I have committed cultural faux pas after faux pas in a little less than two weeks here. There are probably plenty more that no one ever brought to my attention as well. Between assuming pedestrian right-of-way at intersections, misunderstanding of tipping etiquette, and too many misunderstandings of the Irish accent to count, I have basically accepted the role of the ultimate foreigner. My most glaring faux pas, and one that I continue to misunderstand, involves walking in malls, sidewalks, and just about anywhere with foot traffic.

I have slowly come to a conclusion that Irish people have no protocol when it comes to which side to walk on almost anywhere. I am speaking about things like stairs, mall hallways, school hallways, and sidewalks. In the U.S., there is a pretty clear understanding that we drive on the right side of the road and walk on the right side of the sidewalk. As an avid runner for years, this protocol is something I have always held near and dear. Seeing someone walking on the left or opening the left door in a set of double doors in the U.S. left me thinking they were either foreign or just plain rude.

When I arrived in Ireland, I was quick to realize that the right side was not the side to walk on. Obviously cars drive on the left here, so it makes sense. It has been a tough habit to break. More than once I have found myself walking in the city centre on the wrong side and veering through a crowd to make myself at least seem a little like a local. I have accidentally held doors for many when realizing I was going out the wrong one. I could not seem more like a foreigner even when wearing my trademark backwards hat, which I was told by my Irish roommates is not something Irish students do at all.

After getting the hang of walking on the left, I realized something. The locals seem to not have come to a full agreement on this matter. I feel the need to hold a large town meeting or referendum (the latter which the country seems to be very fond of) so we can all agree on what side to walk on. In my experiences so far, cars have agreed to stay to the left almost 100% of the time (at least I hope they will). But I have had a decent-sized minority in the city centre, on campus, and in the mall walk to the right. I have developed a pretty good eye for foreigners versus locals, and most appear to be locals. When I considered this notion, I realized even the doors and revolving doors were not set up in a uniform way to address which to exit from. This leads to awkward run-ins and general difficulty.

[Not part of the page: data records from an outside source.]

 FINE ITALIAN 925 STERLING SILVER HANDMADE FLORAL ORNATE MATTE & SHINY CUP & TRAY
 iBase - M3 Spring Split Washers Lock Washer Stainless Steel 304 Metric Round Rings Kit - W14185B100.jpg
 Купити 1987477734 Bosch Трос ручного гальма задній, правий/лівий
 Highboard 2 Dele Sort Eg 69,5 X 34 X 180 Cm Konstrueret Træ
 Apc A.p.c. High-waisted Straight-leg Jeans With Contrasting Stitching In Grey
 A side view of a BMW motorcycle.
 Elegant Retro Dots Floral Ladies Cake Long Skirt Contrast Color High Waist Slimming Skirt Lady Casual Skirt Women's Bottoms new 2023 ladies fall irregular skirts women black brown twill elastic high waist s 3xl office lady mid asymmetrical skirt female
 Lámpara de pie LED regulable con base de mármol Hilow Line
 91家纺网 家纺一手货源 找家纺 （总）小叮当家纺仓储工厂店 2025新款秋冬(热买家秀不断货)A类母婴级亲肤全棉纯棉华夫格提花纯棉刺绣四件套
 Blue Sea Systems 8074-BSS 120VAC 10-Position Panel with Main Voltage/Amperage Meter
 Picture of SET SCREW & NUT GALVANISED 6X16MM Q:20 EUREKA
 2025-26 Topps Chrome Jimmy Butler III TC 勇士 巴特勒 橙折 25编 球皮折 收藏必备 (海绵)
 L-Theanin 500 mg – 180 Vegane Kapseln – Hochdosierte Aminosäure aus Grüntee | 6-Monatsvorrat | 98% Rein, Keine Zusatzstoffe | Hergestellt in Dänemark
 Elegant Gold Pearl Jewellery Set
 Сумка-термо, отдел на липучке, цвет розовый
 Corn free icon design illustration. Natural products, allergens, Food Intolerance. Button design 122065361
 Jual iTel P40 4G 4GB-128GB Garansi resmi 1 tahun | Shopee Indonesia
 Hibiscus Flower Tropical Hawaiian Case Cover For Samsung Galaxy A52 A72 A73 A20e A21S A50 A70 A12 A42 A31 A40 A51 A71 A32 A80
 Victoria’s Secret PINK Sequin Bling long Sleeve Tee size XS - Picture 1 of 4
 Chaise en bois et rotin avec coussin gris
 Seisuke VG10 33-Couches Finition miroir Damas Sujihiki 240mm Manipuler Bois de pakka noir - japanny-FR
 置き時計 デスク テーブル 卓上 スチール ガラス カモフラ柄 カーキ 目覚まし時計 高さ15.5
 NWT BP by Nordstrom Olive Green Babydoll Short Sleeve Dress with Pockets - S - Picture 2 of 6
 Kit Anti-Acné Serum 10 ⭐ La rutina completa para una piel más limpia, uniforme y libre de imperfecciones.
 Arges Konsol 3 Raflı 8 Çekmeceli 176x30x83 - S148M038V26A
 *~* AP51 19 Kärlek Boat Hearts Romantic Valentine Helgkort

The most egregious of the run-ins occurred yesterday. I was walking and chatting with my friends on campus on the left side of a walk in the center of campus. A woman came forward going the way that my American friends and I were all used to. She headed directly towards me. Although she was on the right side, I did not think much of it and slid a little to my right to help her pass. At that instance, she moved to her left, leaving us facing one another. I slid left as she instantaneously matched my move. And again. Finally, we figured this pedestrian conundrum out somehow and went about our days. My friends said the painfully awkward exchange looked like we were about to give each other a hug.

Aside from this sidewalk confusion, my only other major complaint is still the lack of pretzels in the grocery stores. So based on these small problems, I am doing just fine. For my friends in America, cherish your continuity in sidewalk etiquette. And send pretzels.

By kennatim

IMG_4358There is a phrase the Irish are very fond of: “It will all be grand.” It basically the Irish answer to “Keep calm and carry on” or “Don’t worry, be happy.” One of our program directors has repeated this mantra to our group of 34 students repeatedly because many Irish customs are difficult to get used to. For example, classes start tomorrow and I am still unsure of what exactly I am taking. This is completely normal for Irish students, whereas in the U.S. I would have already purchased my overpriced textbooks two months ago. Something as simple as the realization that the school library is closed on Sundays can leave a study abroad student’s head spinning.

Aside from these minor bumps in the road, the first week has been remarkably exciting. Dublin City University is about a 20-minute bus ride from Dublin City Centre. My friends and I have taken every opportunity to go explore the city and I have felt like I have spent an eternity on the bus. It has not deterred me from having fun, as those bus rides are spent with good friends and, thankfully, free Wi-fi.

The beginning has mostly consisted of trips to the supermarket and mall, get situated, orientation sessions, and making friends. With 34 people in the program, it is interesting to consider the dynamics of friend groups made and changed. The highlight of my week was when I got a tap on the shoulder late one night in the city centre. I turned to find a face it took me a second to recognize. The day before, I had met a group of French exchange students trying to find a basketball to play with at the DCU gym. I joined them. Although our basketball search came up short, it was so funny to find my new friend about 45 minutes from campus. We exchanged Facebook information, and obviously had to take a photo.

One of the biggest challenges for me is just getting accustomed to the cultural differences. The only time I have really gotten homesick was when I was unable to find pretzels in two grocery stores. Getting lost in the city, committing cultural faux-pas (which I will discuss next week) and the academic differences are just a few of the challenges I have faced. I am eager to continue to learn about the city and get used to Irish customs. I cannot wait to feel like a local and be (hopefully) able to be a good tour guide in the city for visiting friends and family.